INPUT RECORDS Block Start

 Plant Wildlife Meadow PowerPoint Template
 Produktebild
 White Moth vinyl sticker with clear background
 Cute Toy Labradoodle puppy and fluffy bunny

INPUT RECORDS Block End
INPUT RECORDS Block Start

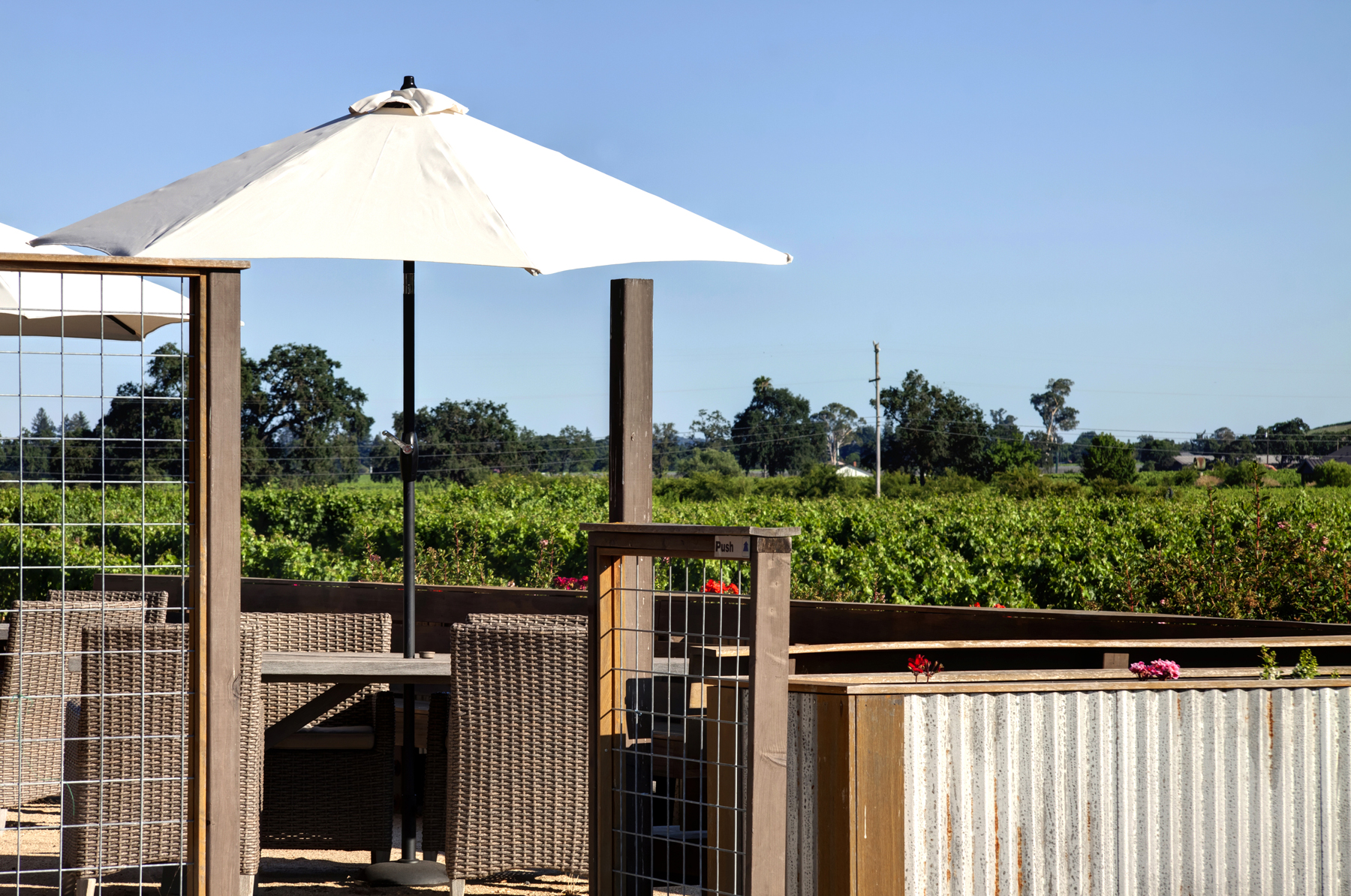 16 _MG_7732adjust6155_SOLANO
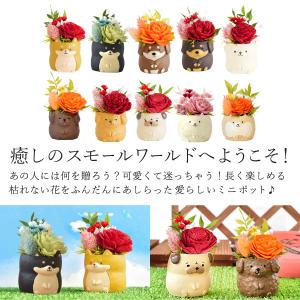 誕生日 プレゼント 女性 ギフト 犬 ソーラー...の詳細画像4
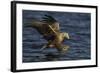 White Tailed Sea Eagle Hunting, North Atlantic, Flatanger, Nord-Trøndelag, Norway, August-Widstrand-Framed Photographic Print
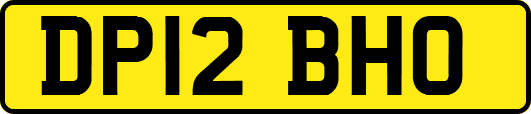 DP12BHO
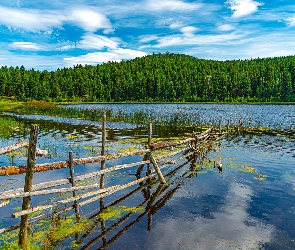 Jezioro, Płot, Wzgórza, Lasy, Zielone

INPUT RECORDS Block End

→ ABOUT THIS EXERCISE:
Keep both end lines and retype everything in the records above from the line containing "Produktebild" through the line containing "Cute Toy Labradoodle puppy and fluffy bunny", exactly, with nothing else.

→ SOLVED PROBLEM:
 Produktebild
 White Moth vinyl sticker with clear background
 Cute Toy Labradoodle puppy and fluffy bunny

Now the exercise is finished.